Every time something bad happens to me, I seek solace in the McRib. Job interview didn't go well? A McRib. Girlfriend dump you? Two McRibs. Just got hit by a car? I'm not walking anywhere, make it three.

After a while I noticed a pattern. Bad things were only happening when the McRib came around. Whenever some terrible fate would befall me, my local McDonalds just happened to be raising a familiar banner in their window, maroon-colored as to invoke the color of a sauce that turns the edible, gray foam into a sponge to sop up all my troubles and cares. When I see the McRib's returned, I break out into a cold sweat. Not just because of the coming dosage of sodium, but for whatever misfortune will end with me comatose under a pile of little, red, sauce-stained boxes.
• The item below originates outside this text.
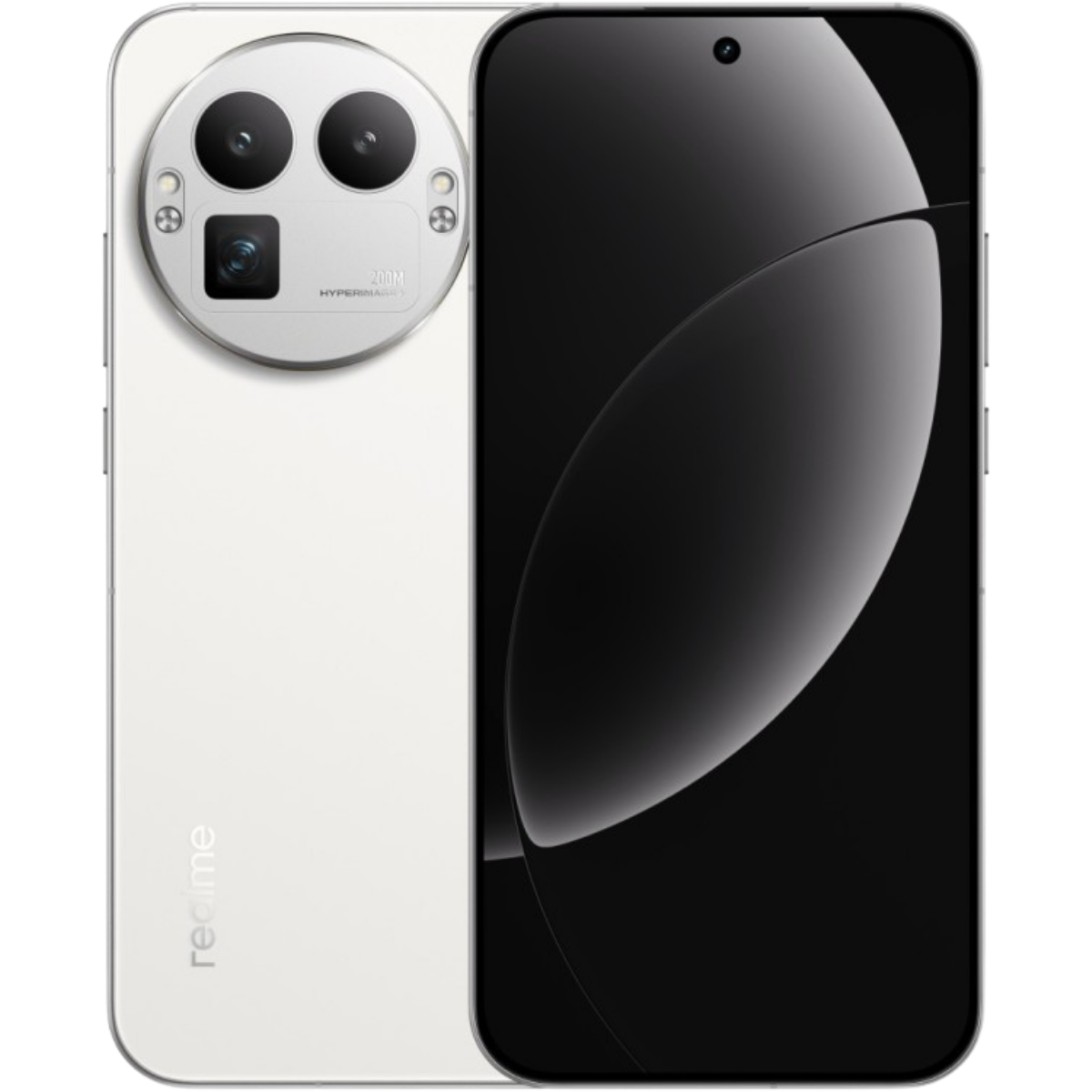 galaxy-a06-5.png Realme GT8 Pro - Imagem 1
Make no mistake, the McRib is delicious, but not at any given time of day. Not even in a 2:00 a.m.-and-you're-wasted kind of way... but in a way that only tastes good when you've got that extra saliva in your mouth from having just wept; that only tastes good because you've been fired and this was the last of your petty cash. The McRib can only be enjoyed at a low point, and the farther down you go, the sweeter that sauce becomes.

That little patty of restructured meat product (a process that glues together bits of unused pork) can be formed into any shape you want. I wish it'd be molded into my own personalized shape, something to add to my catharsis; like the shape of a smartphone with the words "we need to talk" written on-screen. The pain, much like the edible foam of the McRib, can smothered in a sea of barbecue sauce and forgotten under a pile of pickles and onions.

The McRib itself is complex; it's 70 ingredients include a bleaching agent used in foam plastics, such as cushions used for gymnastics. In the words of Lunch Lady Doris, there's very little meat in these gym mats.

It was this bastard son of the mcnugget family, with its 500 calories and nearly 1000 grams of sodium that was both the harbinger of and solution to all of my problems. It's effects of immobility, complacency and a calm but steady urge to do nothing is what makes it so powerful. That's what drugs and alcohol fail to replicate for me. That flavor of complete mediocrity.

Whenever the McRib does come around, I'm still fearful of what may occur, of what treasure I stand to lose at the feet of the golden arches. One positive thing about the McRib is that when it departs, I know it signals that better times (ones easily cured by drugs and alcohol) lie not far behind.